Este cuento como otros que integran el libro El Cielo y el Infierno, publicado en el 2003, surgió a partir de mi experiencia corta pero intensa por lo dolorosa en un juzgado penal en 1977 y 78. Los personajes, la atmósfera, los diálogos y la trama están tomados de lo que viví en esos años.

Yo estudiaba abogacía y pensaba que me gustaba el derecho penal, pero pronto me di cuenta de que lo que me interesaba eran las historias para transformarlas en literatura, sobre todo como valor testimonial.

En la época en que transcurre el cuento me aparté bastante de los estudios, ya que las cátedras de derecho político, economía y constitucional cambiaron la diversidad ideológica por una uniformidad fascista disfrazada de liberal. No sólo me quedé sin facultad sino que también cerraron la escuela de cine donde yo había empezado a estudiar para matizar un tanto la formalidad del derecho. Para no quedarme aún más aislado decidí continuar en tribunales, yo cosía expedientes y atendía a los abogados en las mesas de entradas. Corría 1978, sabía que el Mundial era una cortina de humo, una gran mascarada que escondía los crímenes de la dictadura, pero me aferré a los goles de Kempes, como un grito de auxilio doloroso e inútil.

Una tarde, el juez convocó a los empleados y a las dos ordenanzas para decirnos que una rata había salido de las enormes pilas de expedientes, entre ellos cientos de hábeas corpus donde se pedía por los desaparecidos. Urgente llamó a la Corte para que el día sábado vinieran los encargados de la desratización.

Me tocó estar ese sábado, con el auxiliar, un joven que sólo hablaba de rugby y de las chicas monas que iban a los partidos en San Isidro y también con el secretario, un personaje oscuro, violento, con aspiraciones de actor, que elogiaba a la dictadura y como la mayoría en 1978 se la pasaba hablando del Mundial. Proclamaba que el mundo debía saber que la Argentina era una tierra de paz donde se había exterminado a los “subversivos”.

Ese sábado el juez llegó más tarde, se definía como nacionalista y no le disgustó en su momento el peronismo de derecha. Eso le costó que no lo nombraran juez federal y que otros amigos de su rango a modo de chiste le obsequiaran una foto de Isabelita con Perón, con la sigla, “la yegua hija de puta, igual o peor que la Eva y el mayor hijo de puta que nos trajo a la subversión”.

El juez se instaló en su despacho y en todo momento temió que lo afectaran las sustancias que inoculaban los empleados con sus tanques y mangueras. Así ocurrió, según el ordenanza se habían excedido en la aplicación del veneno.
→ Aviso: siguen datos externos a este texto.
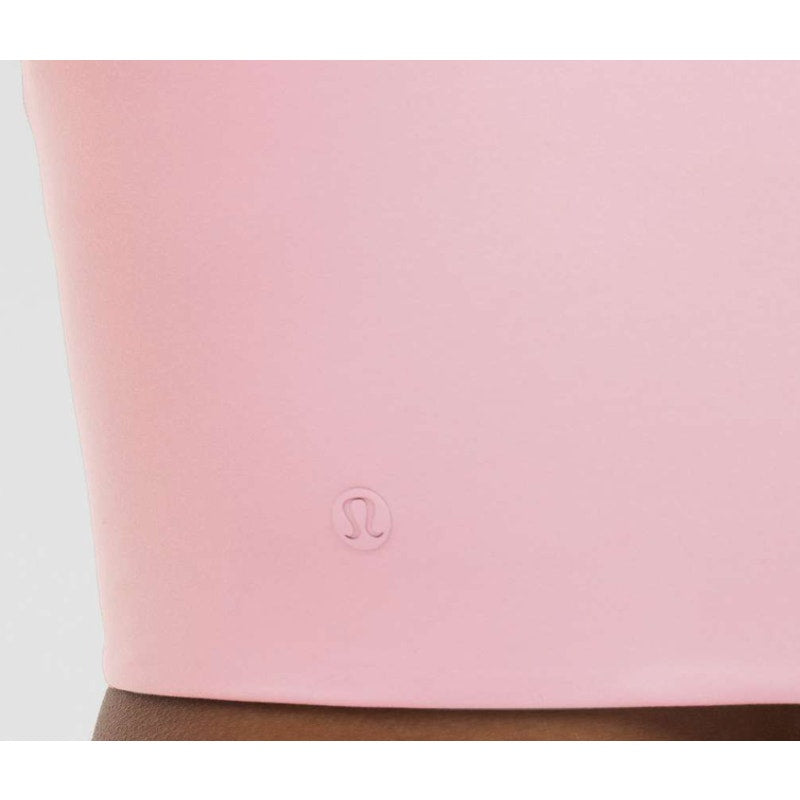 6403-LULULEMON Wundermost Ultra-Soft Nulu Crewnk Cropd T-Shirt Pink Organza Sz M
Poco a poco la situación se hizo insostenible, el juez, cuyo padrino era un almirante de la dictadura, comenzó a arengarnos leyéndonos la revista ultranacionalista Cabildo, incluso unos párrafos que decían que el Holocausto era una invención de los judíos. Al poco tiempo renuncié a mi puesto de meritorio.

Muchos años después estos episodios y otros vividos en tribunales me sirvieron de disparadores para cuentos y una novela que está inédita. Es el caso de “La de-sinfección”, que tiene por protagonista a un juez que como tantos de la dictadura siguieron durante la democracia. El texto, como otros que escribí, tiene la pretensión, tal vez vanidosa, de testimoniar una época nefasta con el objetivo de mantener viva la memoria, sin la cual no se puede construir un presente digno.

Hoy, 22 de diciembre de 2010, cuando escribo estas líneas, se han dictado dieciocho sentencias a represores condenándolos por crímenes de lesa humanidad, entre ellos a Videla y Menéndez, quienes recibieron perpetua y cárcel común. Es un día histórico, tal vez inimaginable para los personajes reales de mi cuento, esos empleados de los milicos que al rechazar los hábeas corpus avalaban el genocidio.